Capital expenditures: As a result of the $10 million put that was exercised and to maintain financial flexibility in the current market environment for its 2009 capital expenditure program, the Company plans to reduce its capital expenditures in 2008 from $49.2 million to $40.5 million. The reduction of expenditures is expected to occur primarily in the DJ Basin, with smaller amounts coming from leasehold acquisition reductions and deferral of Big Horn Basin infrastructure investments until 2009.
Guidance for the remainder of 2008: The Company is also updating its guidance related to revenues, EBITDAX and production, primarily as a result of anticipated reductions in capital expenditures and lower commodity prices. For 2008, the Company forecasts revenues from oil and gas operations of $30 to $35 million. The midpoint of this range represents a 420 percent increase over 2007. The Company expects EBITDAX (Earnings before interest, taxes, depreciation, depletion and accretion, and exploration expenses), a non-GAAP measure, to range from $14 to $19 million in 2008. This represents a significant increase over 2007, which was a negative $39,000. Net production for 2008 is estimated to range from 2.5 to 3.0 billion cubic feet equivalent ("Bcfe").
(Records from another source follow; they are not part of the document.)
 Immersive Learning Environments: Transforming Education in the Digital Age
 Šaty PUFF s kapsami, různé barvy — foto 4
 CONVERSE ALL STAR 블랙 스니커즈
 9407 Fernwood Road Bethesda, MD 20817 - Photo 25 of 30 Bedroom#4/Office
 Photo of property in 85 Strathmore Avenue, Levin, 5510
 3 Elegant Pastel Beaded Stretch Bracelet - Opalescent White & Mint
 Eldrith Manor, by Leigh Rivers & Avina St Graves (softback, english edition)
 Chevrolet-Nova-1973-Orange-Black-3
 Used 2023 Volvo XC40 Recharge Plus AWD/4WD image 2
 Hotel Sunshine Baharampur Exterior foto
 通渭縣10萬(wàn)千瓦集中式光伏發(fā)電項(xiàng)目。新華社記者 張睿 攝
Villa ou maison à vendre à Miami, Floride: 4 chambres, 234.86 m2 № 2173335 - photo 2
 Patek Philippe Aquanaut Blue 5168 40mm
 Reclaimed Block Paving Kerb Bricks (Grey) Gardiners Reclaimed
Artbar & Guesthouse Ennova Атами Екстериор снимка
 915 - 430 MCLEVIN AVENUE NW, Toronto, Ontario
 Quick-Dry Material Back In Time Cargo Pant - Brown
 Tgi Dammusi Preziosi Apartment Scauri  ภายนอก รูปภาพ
The midpoint of the production guidance range represents a 124 percent increase over 2007.
The Company has also factored in a potential reduction in Rocky Mountain September gas volumes in its guidance revision as a precautionary measure. However, as of September 21, none of Teton's production volumes have been curtailed in the Rocky Mountain region as a result of the curtailment of the Rocky Mountain Express (REX) pipeline, a section of which is closed for hydrostatic testing until approximately September 26, 2008.
Lonnie Brock, Executive Vice President and CFO, commented, "We believe that the challenges posed by the current capital market environment require us to rethink our balance between short-term liquidity and our longer-term business plan. To that end, our reduction in the 2008 capital budget represents a responsible adjustment that will enable us to continue to develop our Central Kansas Uplift properties, while postponing some of our other longer-term prospects a bit while the markets stabilize. Our 2008 capital program remains strong as we continue to execute our long-term plan and build value for our stockholders and position ourselves to enter 2009."